→ **ABOUT THIS EXERCISE**
The copy must match the data below line for line and contain no images.

→ **DATA BLOCK**

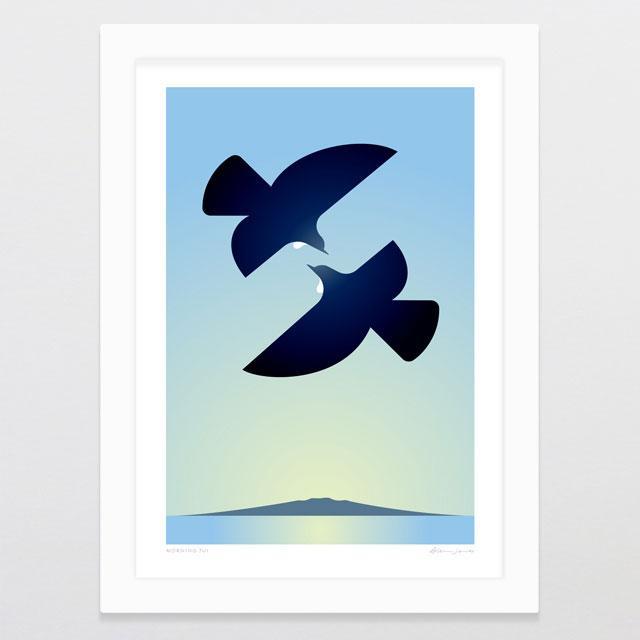 Morning Tui Art Print-Glenn Jones Art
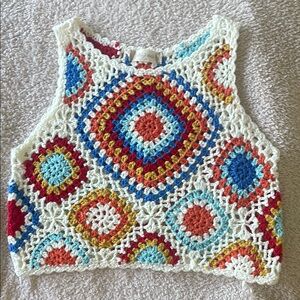 NWOT ALTAR’D STATE Colorful Crochet Sleeveless Top SIZE XS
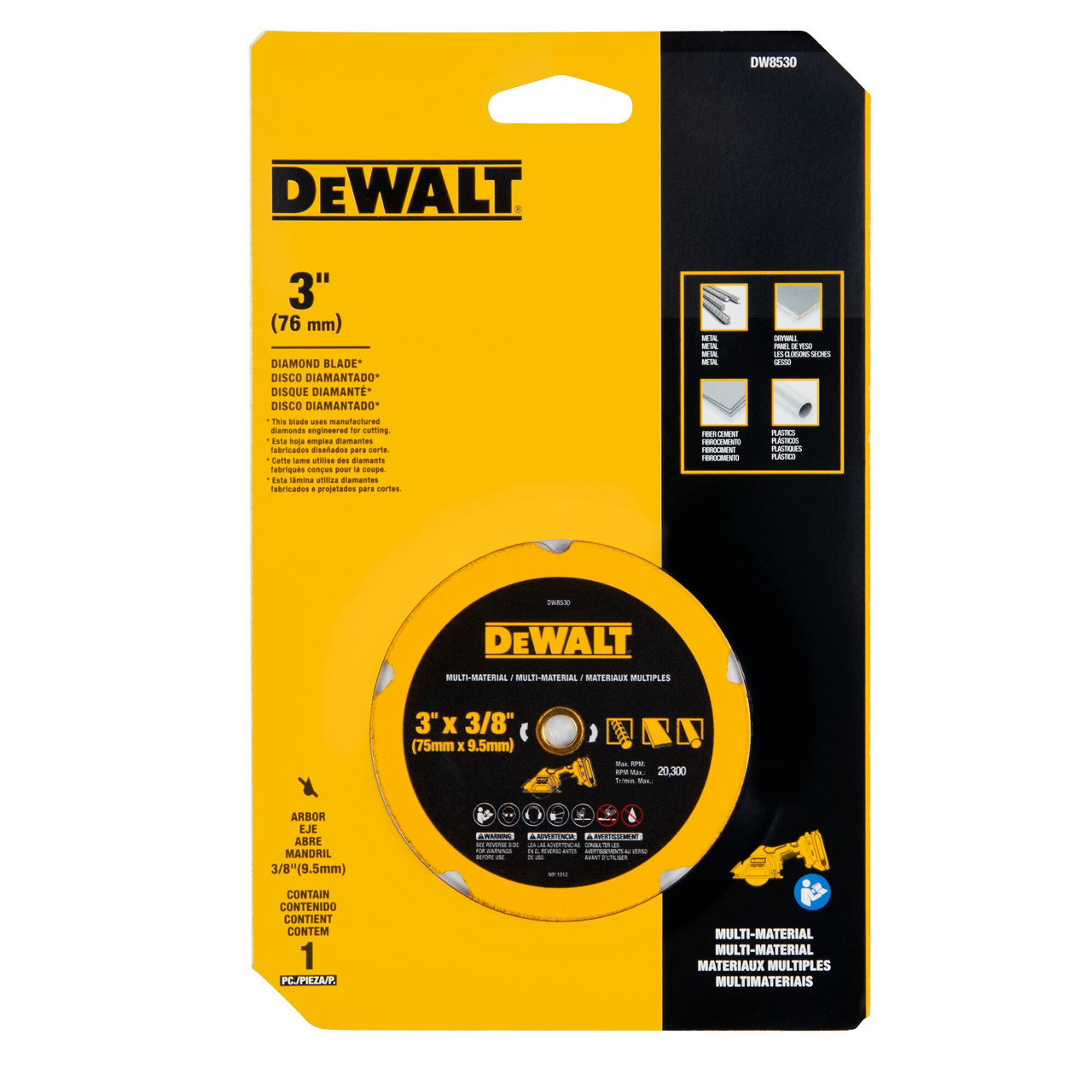 DeWalt DW8530 3 inch x 3/8 inch Multi-Material Diamond Blade showing in packaging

→ **WORKED SOLUTION**
 Morning Tui Art Print-Glenn Jones Art
 NWOT ALTAR’D STATE Colorful Crochet Sleeveless Top SIZE XS
 DeWalt DW8530 3 inch x 3/8 inch Multi-Material Diamond Blade showing in packaging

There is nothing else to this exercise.